Insecticides hopen zich op
Bij het middel fipronil krijg ik weer hetzelfde gevoel als bij de gechloreerde koolwaterstofverbindingen. Het gaat weer om een insecticide wat zich ophoopt in het vetweefsel en dus cumulatief werkt als je het regelmatig eet. Aan de scheikundige verbindingen zie ik overeenkomsten met bovengenoemde groep. Dit geldt ook voor de zeer giftige Neonicotinoïden. Fipronil zit ook in het bestrijdingsmiddel Regent 500 FS welk middel wordt gebruikt om zaad te ontsmetten tegen insecten in de zonnebloemen, mais, broccoli, boerenkool, bloemkool, enz.
Het middel wordt dus niet alleen gebruikt in de pluimveesector en bij honden en katten, maar ook in de land- en tuinbouw voor de bestrijding van insecten. Een aantal jaren geleden werd nog gepleit om al deze middelen in 2020 te verbieden.
We hebben nog niet veel geleerd uit het verleden. In ons land gaat het nog te veel over bulkproductie tegen zo laag mogelijke kosten met alle milieugevolgen van dien.

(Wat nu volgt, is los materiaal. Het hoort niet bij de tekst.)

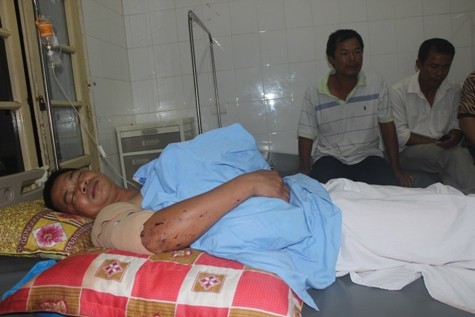 Lái xe Phan Đình Ninh đã qua cơn nguy kịch nhưng vẫn đang phải điều trị tại bệnh viện. Anh cho biết gói hàng phát nổ được một cậu bé khoảng 12, 13 tuổi gửi nhưng không rõ địa chỉ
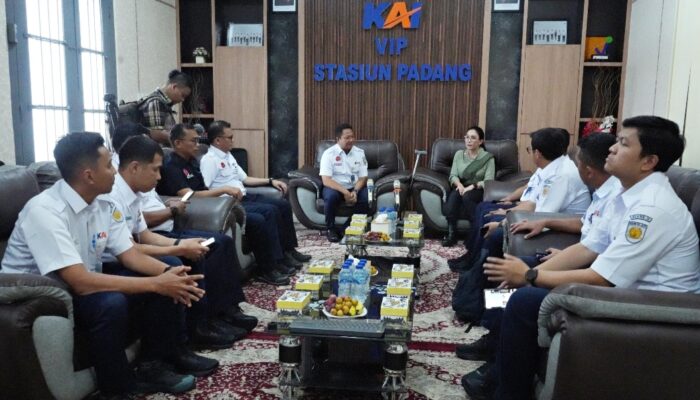 Anggota Komisi VI DPR RI Apresiasi Respons Cepat KAI Sumbar dalam Penanganan Dampak Bencana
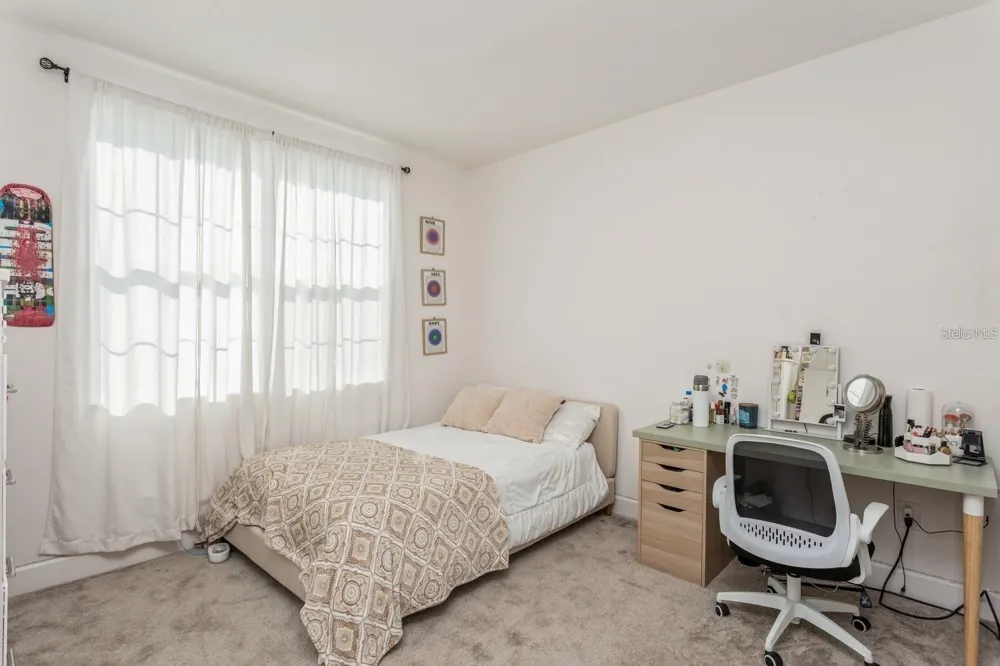3281 GREAT BANYAN WAY Wesley Chapel, FL 33543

Het gebruik van chemische middelen ligt ver achter mij. Het werken aan bodemvruchtbaarheid en biodiversiteit is een vast onderdeel van ons bedrijf geworden. In ons land waar de natuur al zo is achteruit gegaan past in mijn ogen alleen maar natuur inclusieve landbouw. De bijen, kieviten, scholeksters en een rijke plantengroei horen daarbij. Het is een nieuwe uitdaging om een andere relatie met de natuur aan te gaan gekenmerkt door eerbied voor ecologisch evenwicht en dat vraagt om een ander beleid.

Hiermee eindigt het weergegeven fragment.